Core concept: Not everything can be important. Create hierarchy through three levers: size, weight, and color.

Why it works: When every element competes for attention, nothing stands out. Deliberate de-emphasis of secondary content makes primary content powerful by contrast.

Key insights:

  • Combine levers, don't multiply -- primary text = large OR bold OR dark, not all three
  • Save "all three" for the single most important element on the page
  • Labels are secondary -- form labels, table headers, and metadata labels support the data, not compete with it
  • Semantic color does not equal visual weight -- a muted red secondary button often works better than screaming danger for routine actions
  • De-emphasize labels by making them smaller, lighter, or uppercase-small

Product applications:

Context

Hierarchy Technique

Example

Form fields

De-emphasize labels, emphasize values

Small uppercase label above large value text

Navigation

Primary nav bold, secondary nav lighter

Active link in dark gray-900, inactive in gray-500

Cards

Title large, metadata small and light

Card title 20px bold, date 12px gray-400

Dashboards

Key metric large, context small

Revenue "$42,300" large, "vs last month" small

Tables

De-emphasize headers, emphasize cell data

Headers uppercase small gray, data normal weight

Design patterns:

  • Three-level hierarchy table: Size (large/base/small), Weight (bold/medium/normal), Color (dark/medium/light gray)
  • Label-value pattern: de-emphasized label above emphasized value
  • Button hierarchy: primary (filled), secondary (outlined or muted), tertiary (text only)

Ethical boundary: Don't use hierarchy tricks to hide important information like pricing, terms, or cancellation options.

See: references/advanced-patterns.md for interaction states and advanced component patterns.

2. Spacing & Sizing

Core concept: Use a constrained spacing scale, not arbitrary values. Spacing defines relationships -- elements closer together are more related.

Why it works: Arbitrary spacing (padding: 13px) creates inconsistency. A fixed scale forces deliberate decisions and produces harmonious layouts.

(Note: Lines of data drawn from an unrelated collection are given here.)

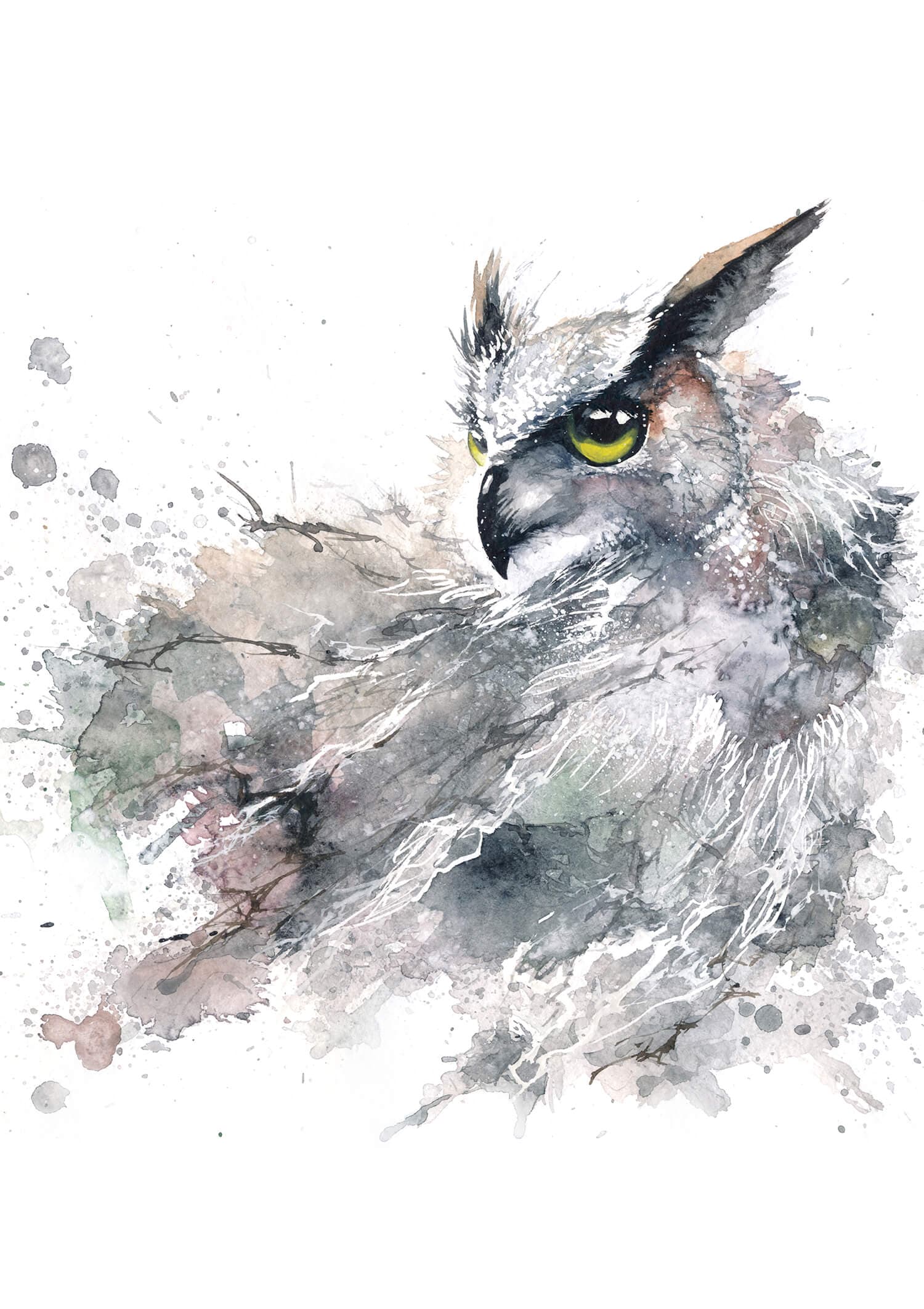 Куртка Акварель сова бежевая Куртка Канвас плотный Куртка Сова бежевая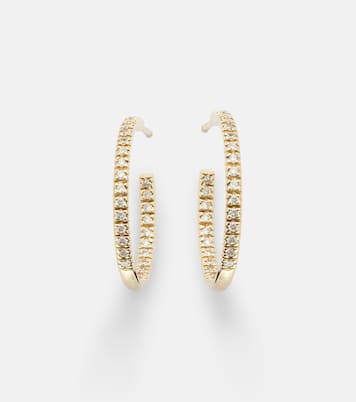 14kt gold hoop earrings with diamonds | Sydney Evan
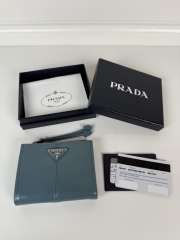 Uubags Prada Soft Look Leather Wallet In Blue 10x8.5cm - 1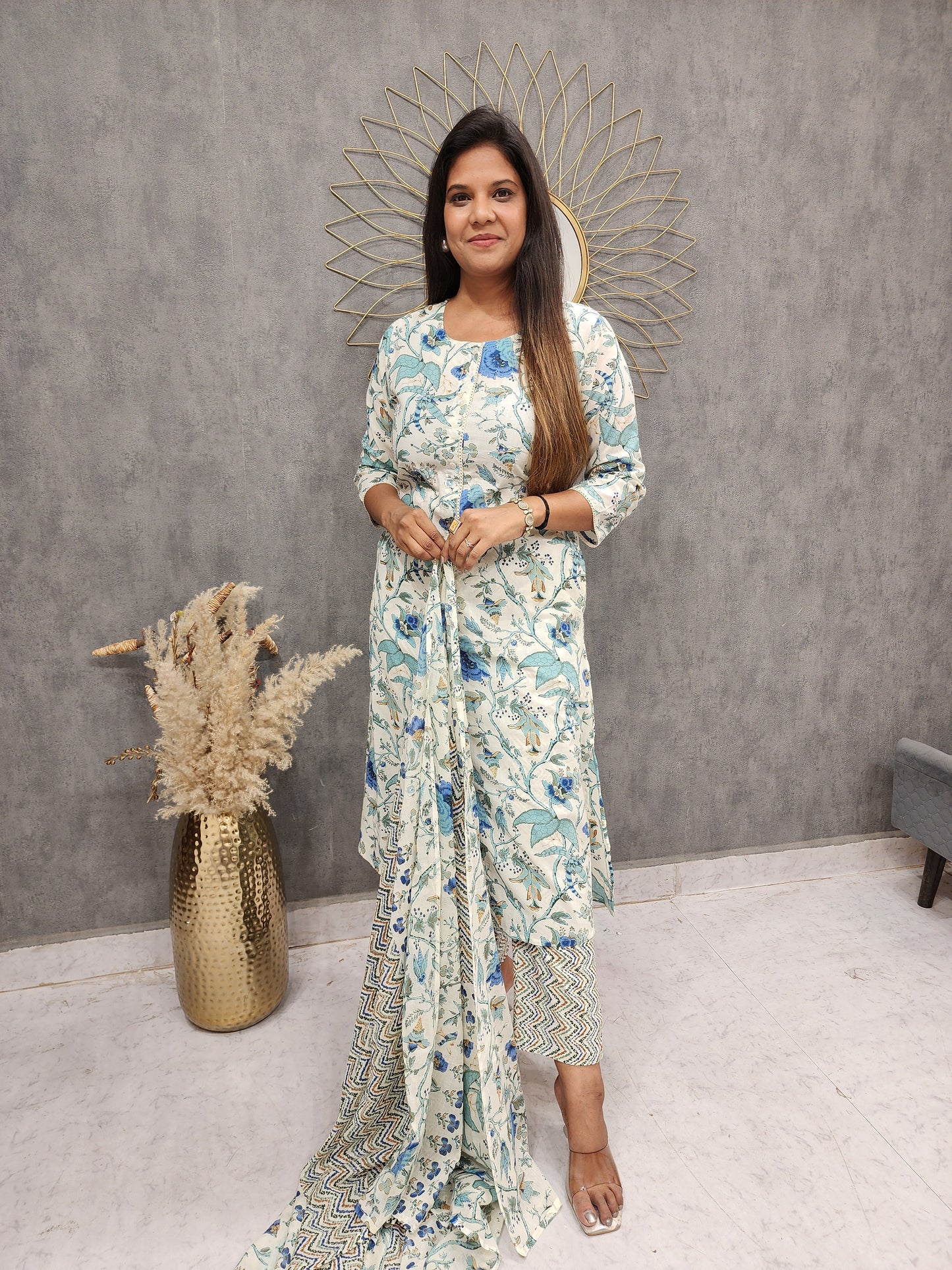 ZOYA FLORAL PRINT CO-ORD SET WITH DUPATTA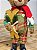 URSO MARROM NATALINO VERDE E VERMELHO 32CM - Imagem 3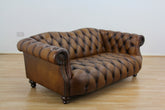 Lewis Montgomery 2 Seater Chesterfield Sofa Brown Antique leather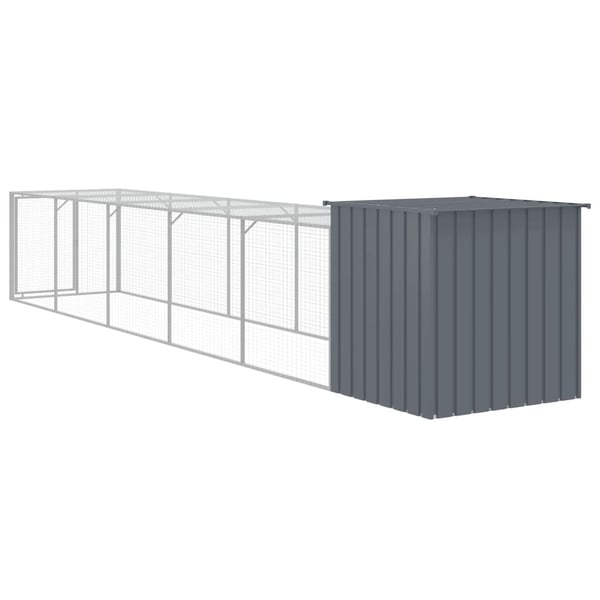 vidaXL Hønsebur med gård antrasitt 110x609x110 cm galvanisert stål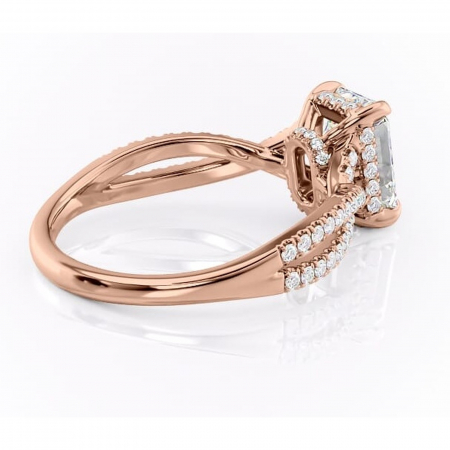 Inel de logodnă Meadow din aur Rose 18kt cu moissanite tăietură smarald – Montură pavé rafinată pentru profil mediu | Personalizează și configurează gratuit online [2]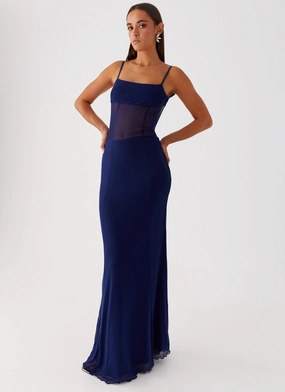 Light Cloud Saturated Hue Miranda Maxi Dress - Navy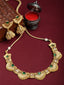 Gold-Plated & Green Stone-Studded Jewellery Set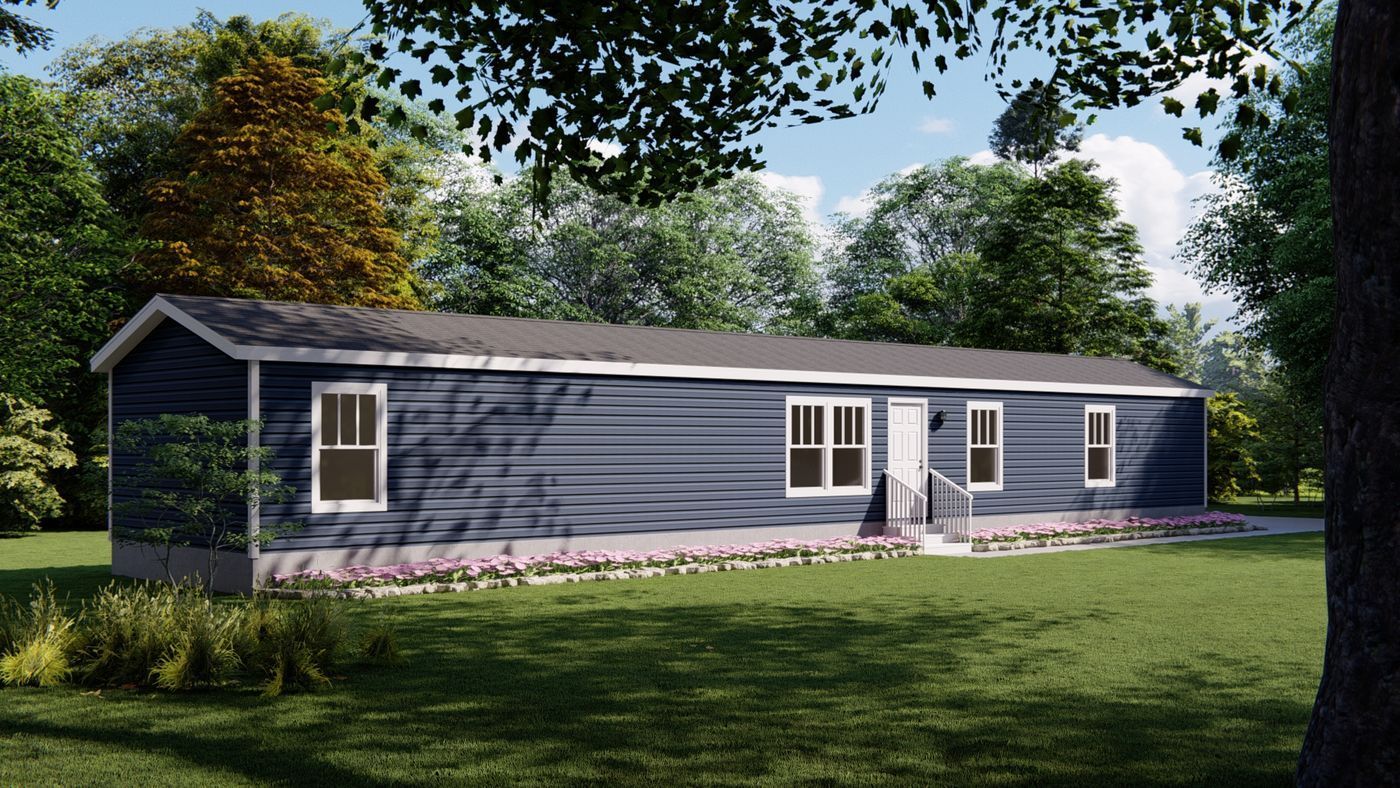 Blue-sided single-story house with white trim, set on a grassy lawn with trees in the background.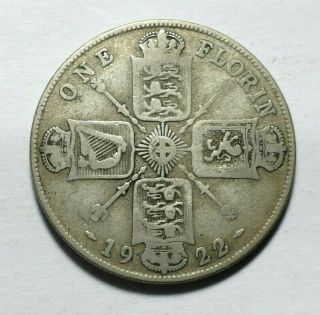 1922 Great Britain FLORIN.  50 Silver Coin Large 28mm.  King George V 2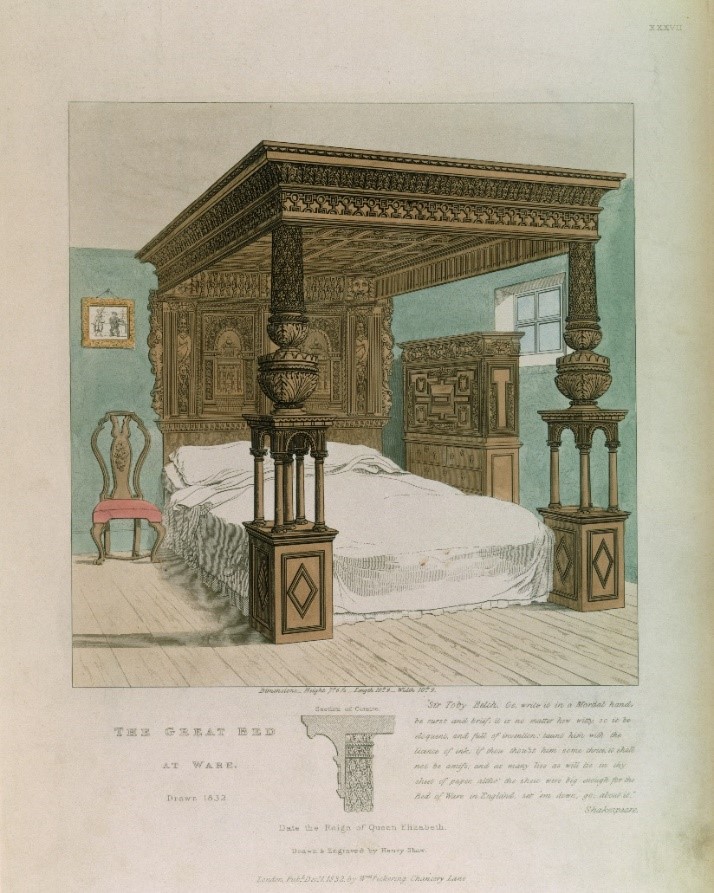 A print of the Great Bed of Ware (museum no. W.47:1 to 28-1931) in 1832, during its period at The Saracen’s Head © Victoria & Albert Museum, London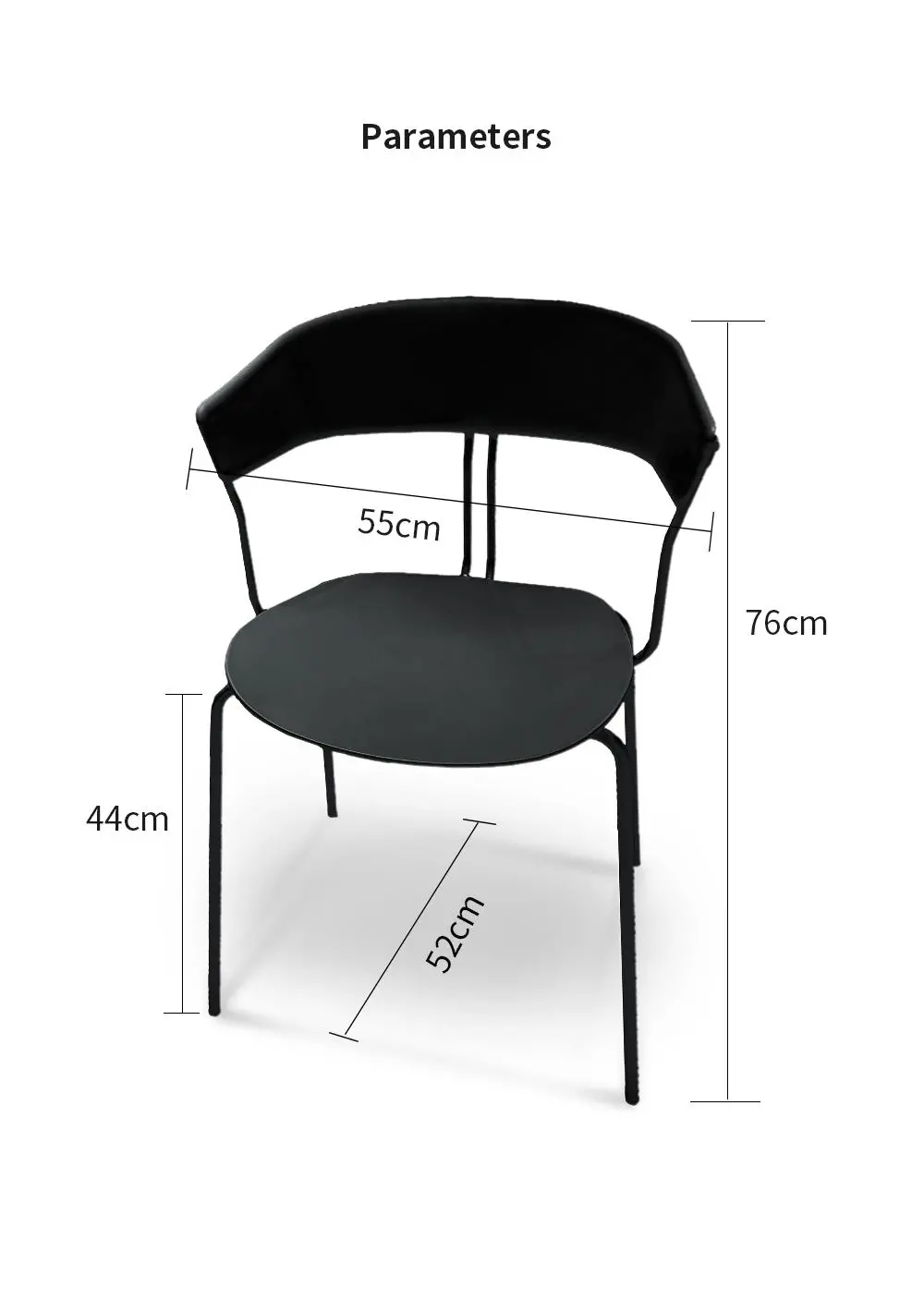 LT-ZET-02 Powder-Coated Steel Tube Frame Stackable Chair with PP Back and Seat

Generous spacing feels premium; dense spacing feels overwhelming.

Key insights:

  • Use a linear or near-linear scale: 4, 8, 16, 24, 32, 48, 64px
  • Start with too much white space, then remove -- you'll almost never remove enough
  • Spacing between groups should be larger than spacing within groups
  • Text blocks should be constrained to 45-75 characters (max-w-prose or ~65ch)
  • Forms should max out at 300-500px width
  • Full-width is almost never right for content

Product applications:

Context

Spacing Strategy

Example

Icon + label

Tight coupling (4px)

Small gap keeps them visually connected

Form fields

Related elements (8-16px)

Input and its label tightly coupled

Card sections

Section separation (24px)

Title block, content block, footer block

Page sections

Major sections (48-64px)

Hero, features, testimonials, footer

Container width

Constrain to content

max-w-prose for text, max-w-md for forms

CSS patterns:

  • p-1(4px) p-2(8px) p-4(16px) p-6(24px) p-8(32px) p-12(48px) p-16(64px)
  • max-w-prose(65ch) max-w-md(28rem) max-w-lg(32rem) max-w-xl(36rem)
  • gap-2 for related items, gap-6 for section separation

Ethical boundary: Don't use spacing to bury important UI elements like unsubscribe buttons or privacy controls.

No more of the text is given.